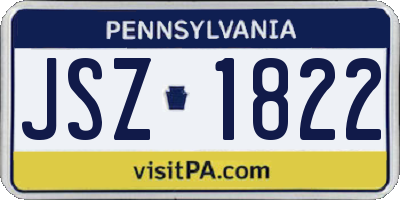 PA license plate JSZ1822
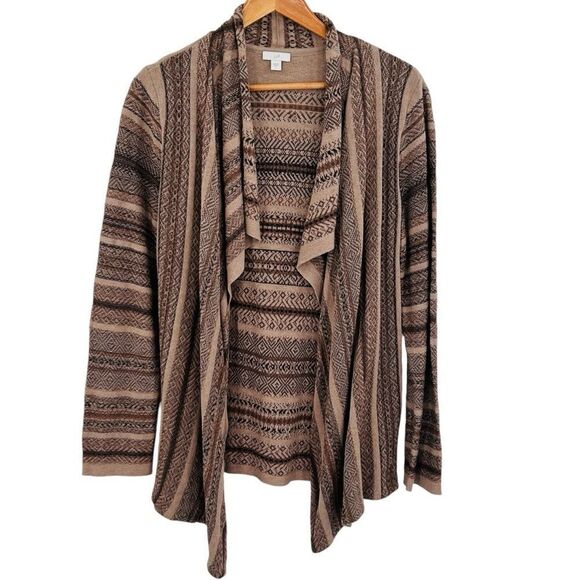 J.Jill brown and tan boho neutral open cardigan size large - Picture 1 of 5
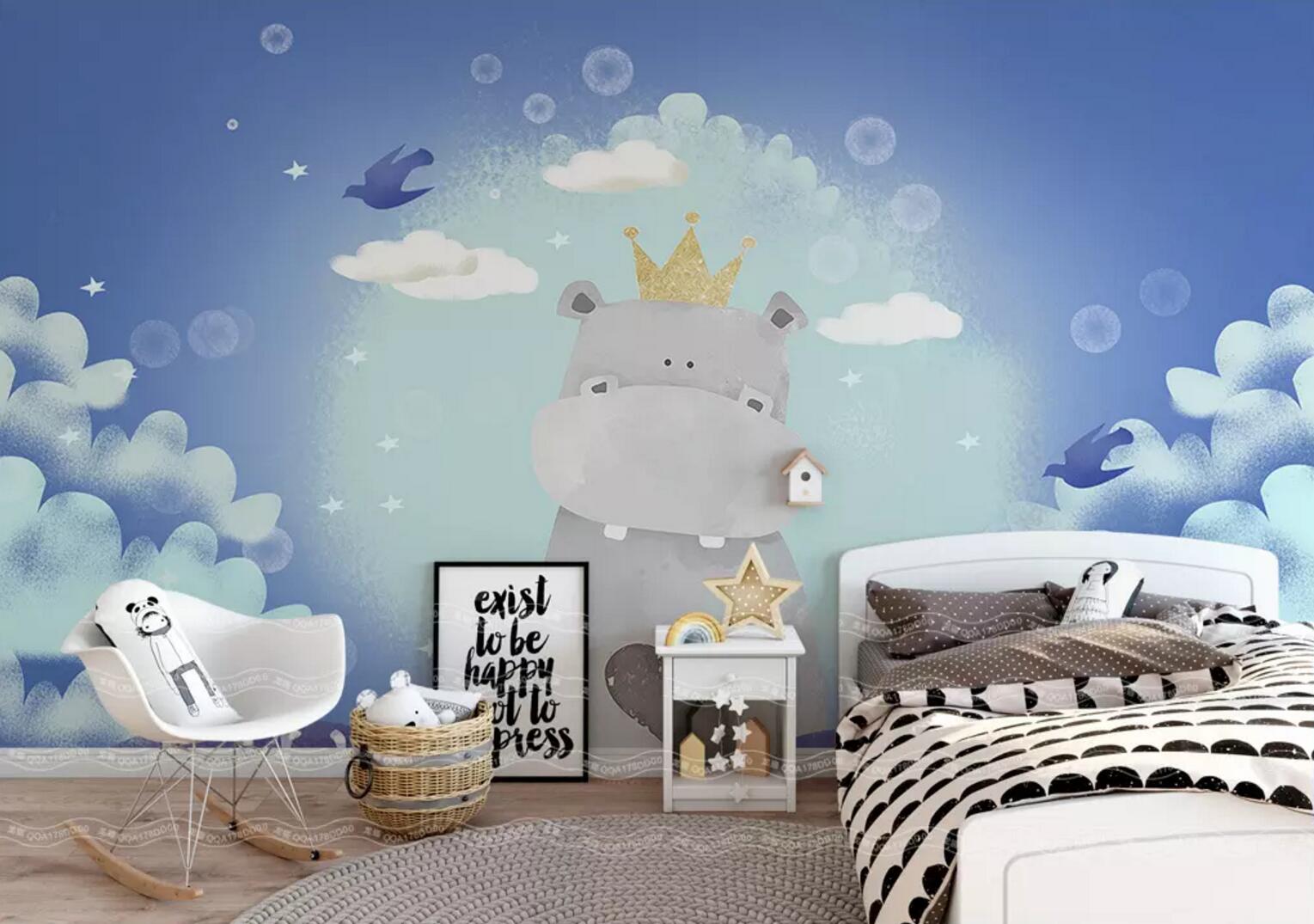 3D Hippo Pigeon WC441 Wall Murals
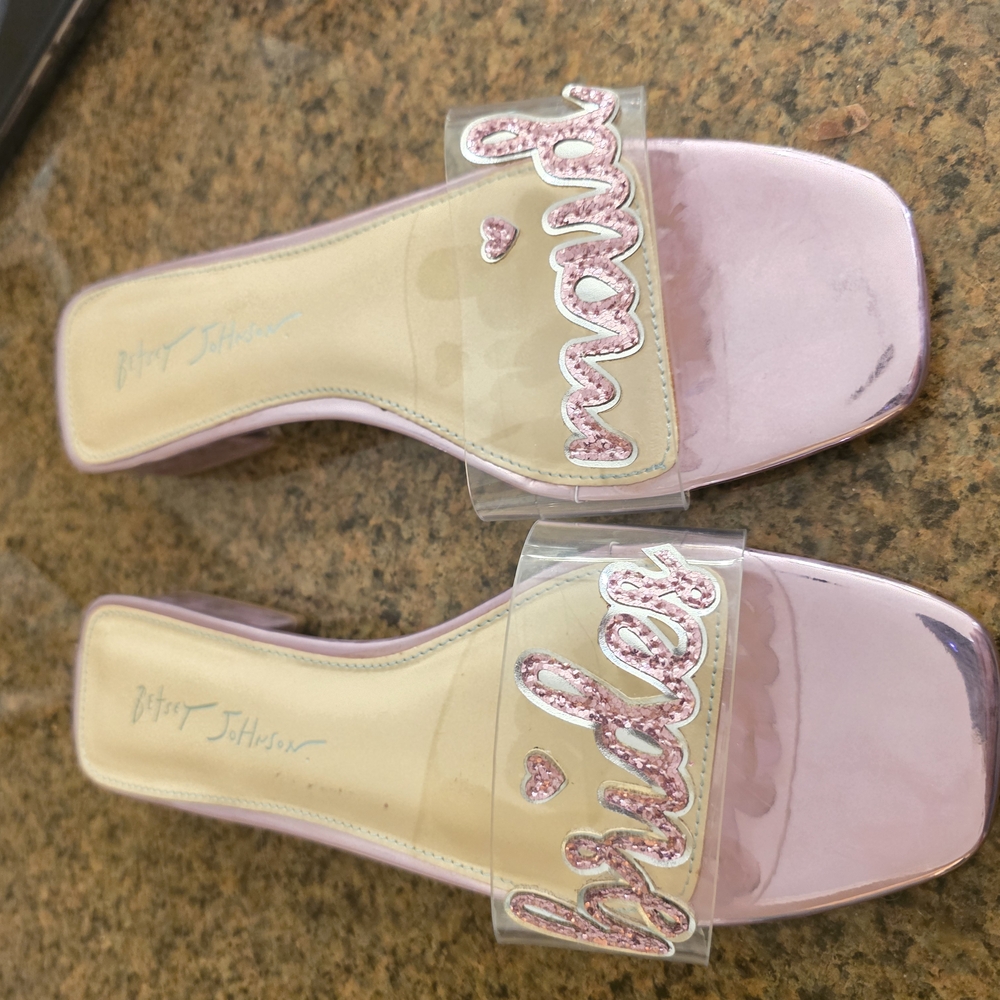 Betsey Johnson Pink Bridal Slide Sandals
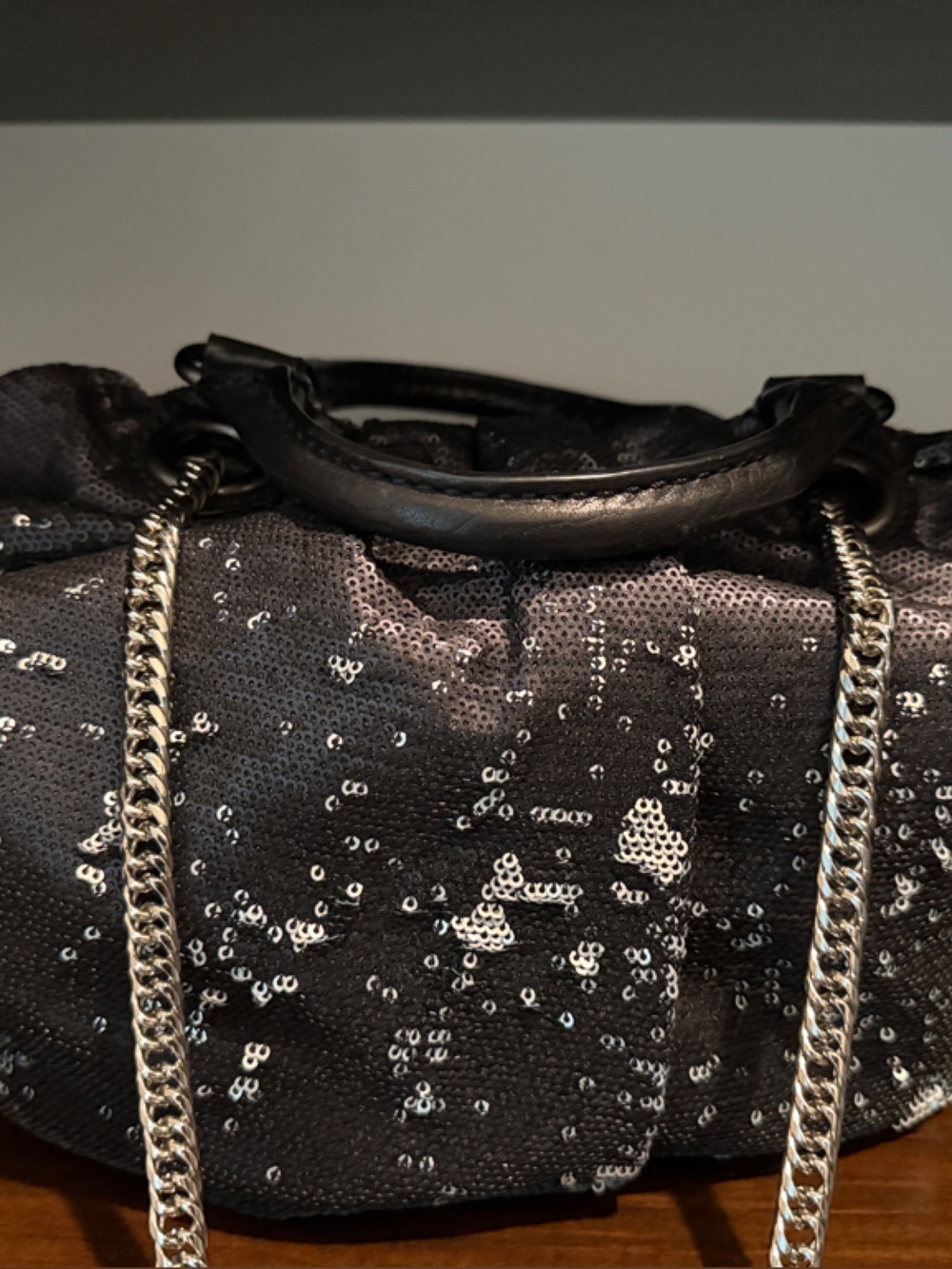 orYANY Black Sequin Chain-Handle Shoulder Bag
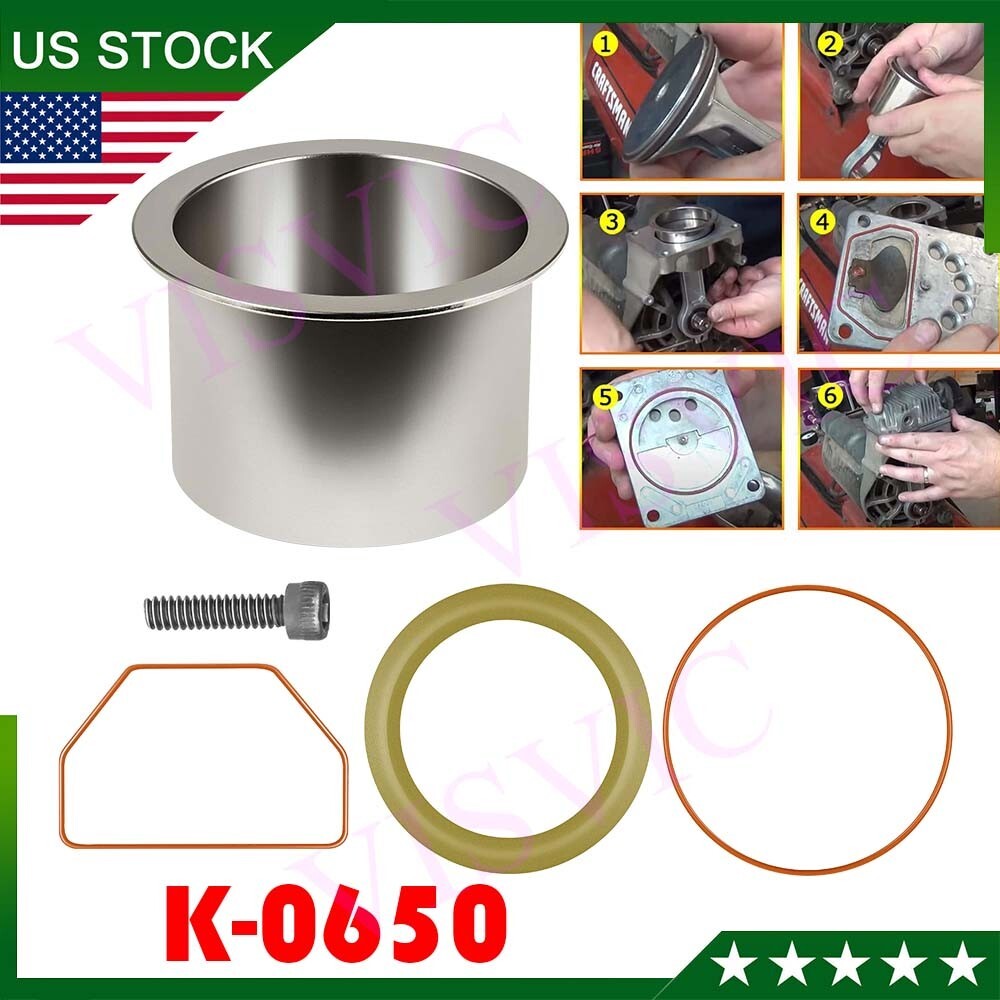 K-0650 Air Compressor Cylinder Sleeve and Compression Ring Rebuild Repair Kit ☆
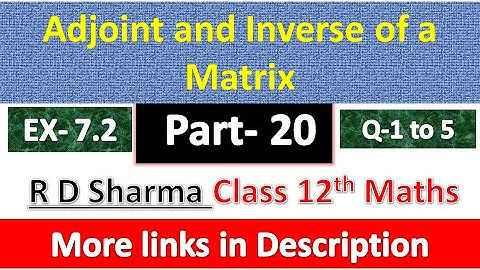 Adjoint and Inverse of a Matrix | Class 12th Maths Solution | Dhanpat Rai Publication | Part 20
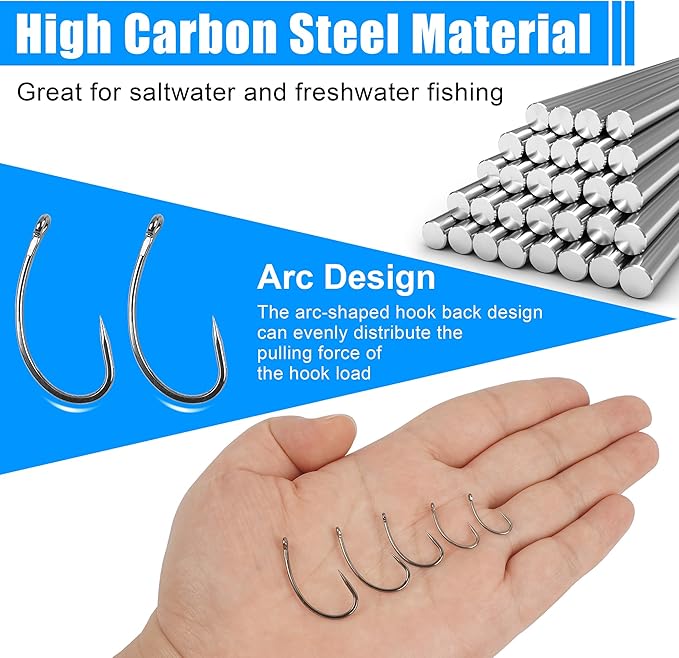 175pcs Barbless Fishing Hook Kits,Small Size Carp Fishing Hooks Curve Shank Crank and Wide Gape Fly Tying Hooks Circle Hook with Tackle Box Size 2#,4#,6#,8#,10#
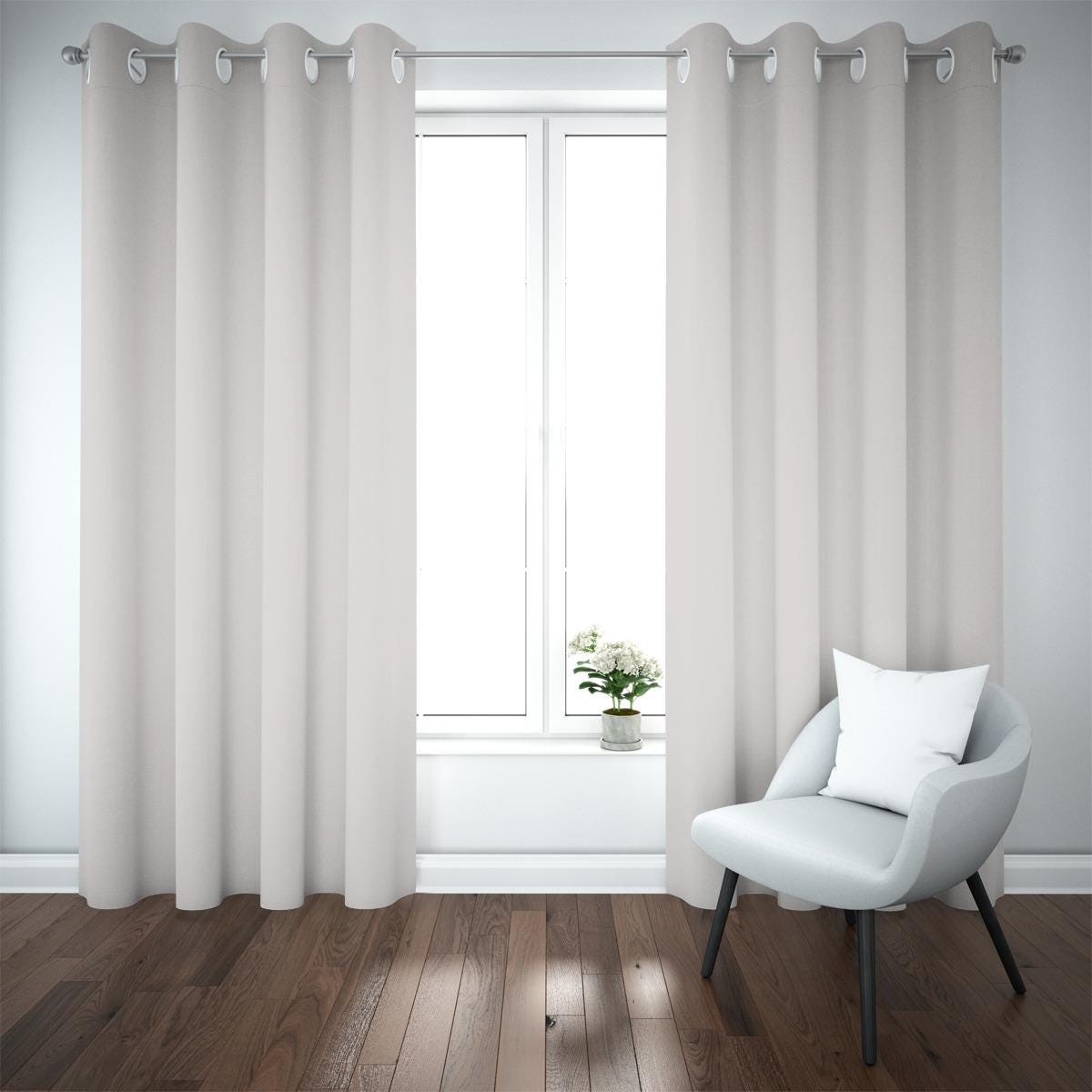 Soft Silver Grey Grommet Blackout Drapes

_About this task_
Lines from the one with "175pcs Barbless Fishing" through the final line of the records are the whole answer; print them exactly, minus any pictures.

_Written response_
 175pcs Barbless Fishing Hook Kits,Small Size Carp Fishing Hooks Curve Shank Crank and Wide Gape Fly Tying Hooks Circle Hook with Tackle Box Size 2#,4#,6#,8#,10#
 Soft Silver Grey Grommet Blackout Drapes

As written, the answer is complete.